Once again, I certainly do appreciate the help you're providing on this.
John Beattie
Vent department:
Since you asked: the reason I still shuttle back and forth between 10.2.8 and 10.4.6 is that frankly, the constant System "up"grades which have now been going on for decades only infrequently offer anything I want or need (we still don't need the "dock" - OnCue ca. 1989 did the same thing much better and less intrusively); much more frequently *take away* things I do want and need (System 6 allowed user-specified grid intervals among icons both horizontally and vertically, but System 7 took away the System attributes allowing third-parties to write utilities offering that function); scramble all my macros so they have to be completely rewritten (so now, since 9.2.2 I don't use macros at all any more - too much trouble); and require endless co-upgrades of programs and utilities. And then what happens? After a year or two of readjustment each time, *another* unnecessary new System comes along and the whole process starts all over again. The latest one? Intel Mac which is *never* going to support Classic so I'm *never* going to upgrade to Intel Mac, because I have some custom-written utilities of my own which were done for System 7 and upgraded to System 9 but it's simply daunting to go through the process again for OS X for *no* benefit. Plus, with every new System we're supposed to pay $128 so that Apple has something - not better, just arbitrarily different (such as the selection box being a solid gray box instead of the previous dashed outline box - not an improvement, just a cosmetic change that serves no purpose), and in many cases worse (there are so many examples, but here's one: when you drag icons to a new folder in OS X, in the destination folder they aren't automatically selected as they always were in Classic - that's simply sloppy, poor work) - to sell! So I'd really love to stick principally with 10.2.8 if I can - get to one level of my work where the System is set and *stay* there. We love Apple (and recognize that "Apple" is a five-letter word spelled S - T - E - V - E ) , but this scenario has gotten to be tedious and debilitating.
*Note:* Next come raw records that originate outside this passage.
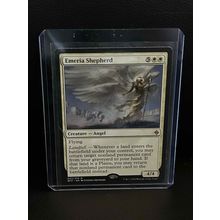 Emeria Shepherd Battle for Zendikar Magic: the Gathering Trading Card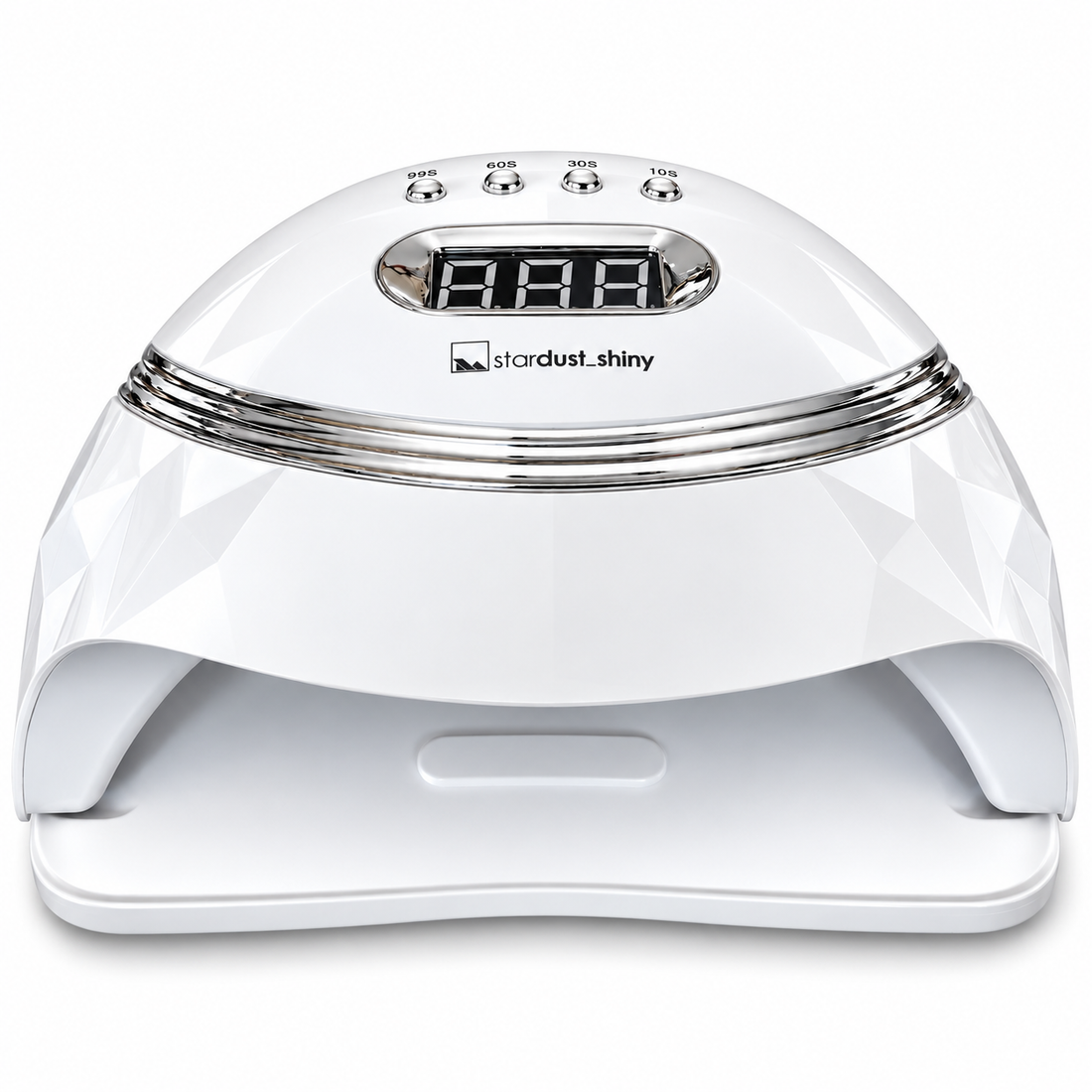 Star Dust – Lámpara de uñas UV LED Shiny Blanca 60 W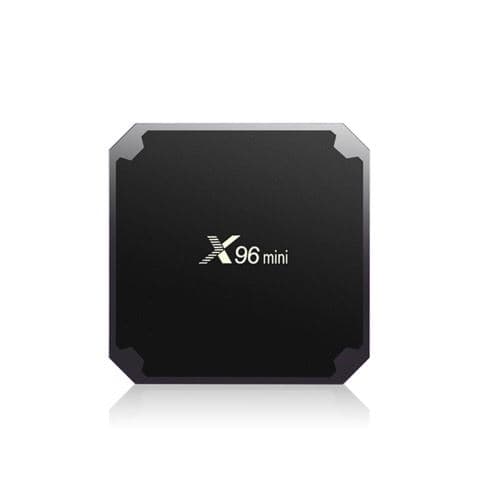 TV-boks X96mini Android 7.1.2 Quad Core 2 16GB WIFI 4K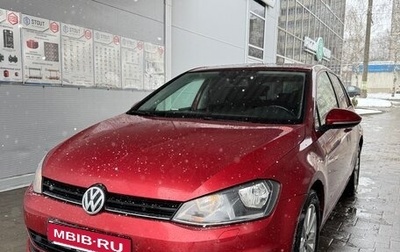 Volkswagen Golf VII, 2013 год, 980 000 рублей, 1 фотография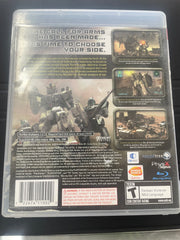 Mobile Suit Gundam Crossfire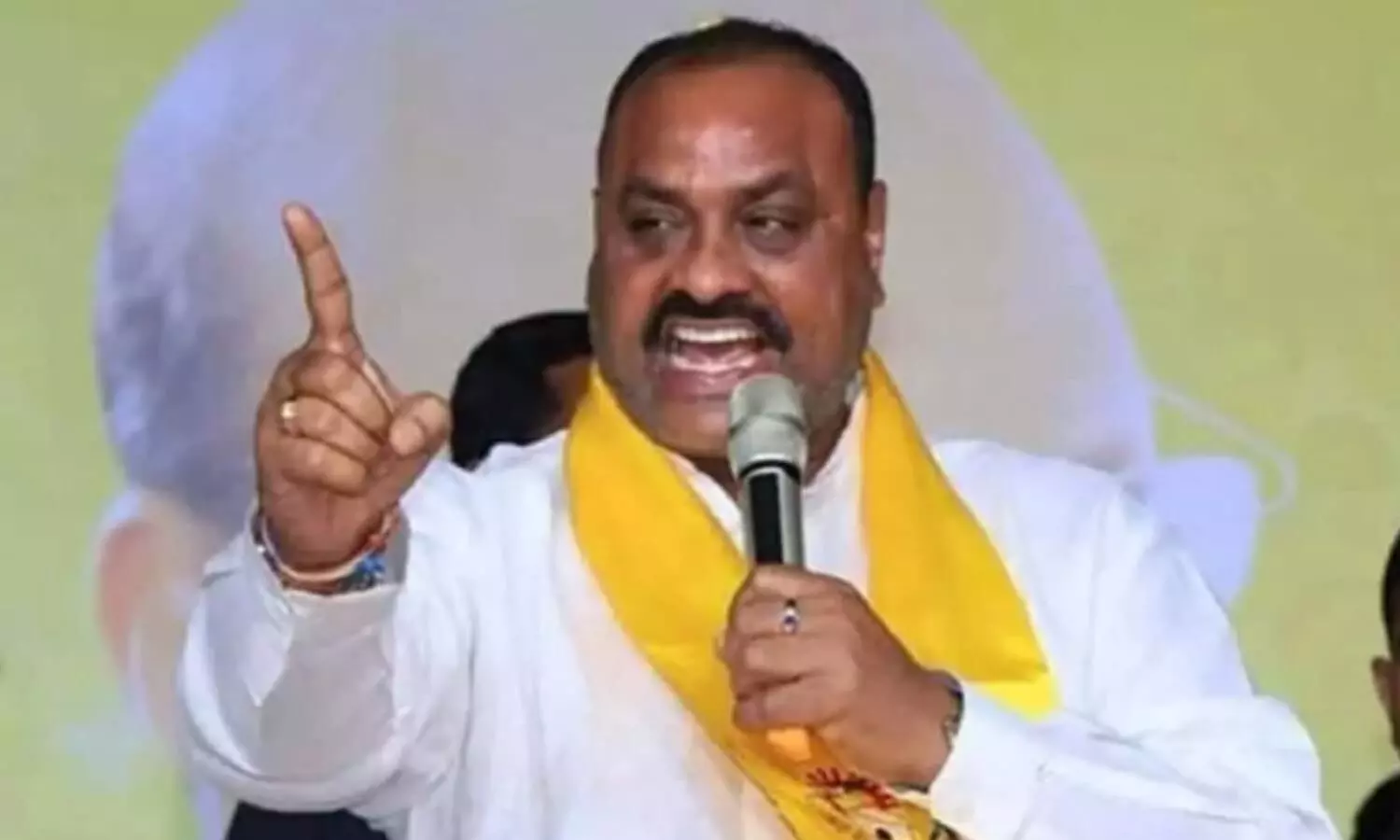 achennaidu, tdp, state president, electricity charges, ys jagan, ap politics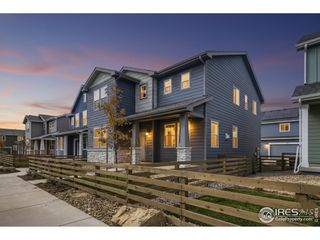 New construction  house 764 Wood Sorrel Ln, Fort Collins, CO 80524 plan Woodlawn - image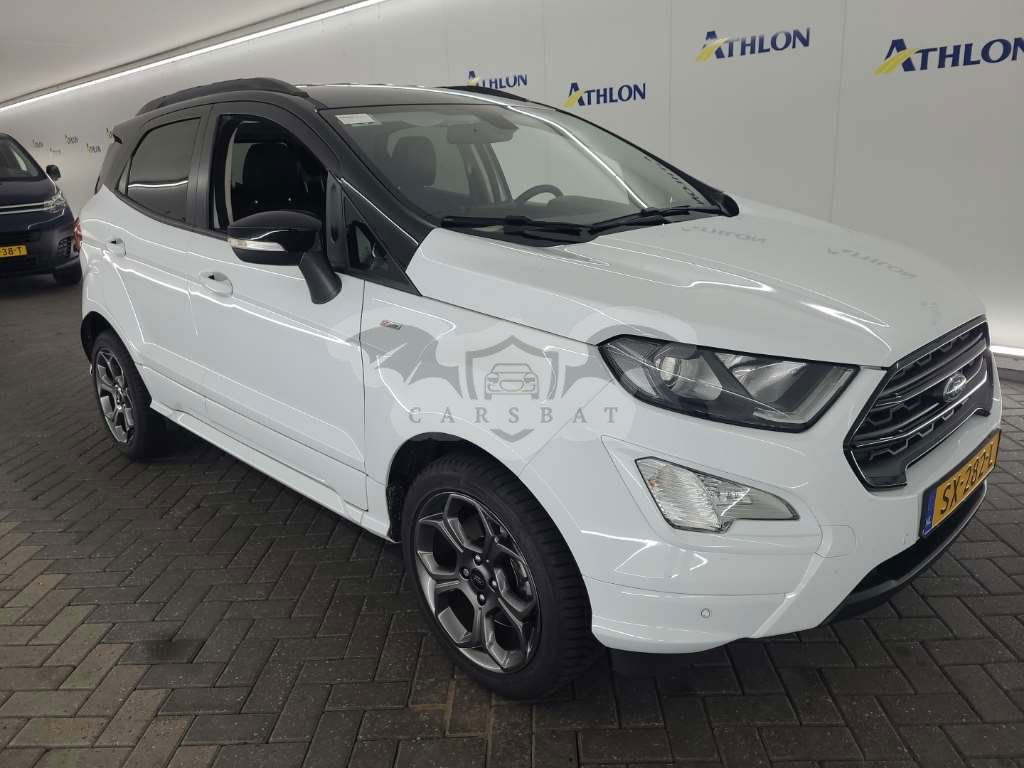 Ford Ecosport 1.0 EcoBoost ST Line 2018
P.S. Now I recall - after "up"grading to 10.4.6 I decided to give it a try making that my regular System instead of continuing to use 10.2.8. So I opened a pre-existing file in Illustrator 11.0 and *instantly* there was a huge bug in that placed files didn't appear correctly. Surprise! A giant upgrade problem right out of the gate. It used to feel worthwhile tackling these and resolving them, when new Systems were *improvements* over previous ones - but no longer.
The quicktime preference files should be in Library>Preferences. Also try your users folder>library>Preferences.
Deleting preferences should give you no major problems. Go ahead install the codecs and do the latest software update. I don't see any problem with that. About your query about connections to SMB & AFP... I have no idea.
I hope you resolve your system issues soon.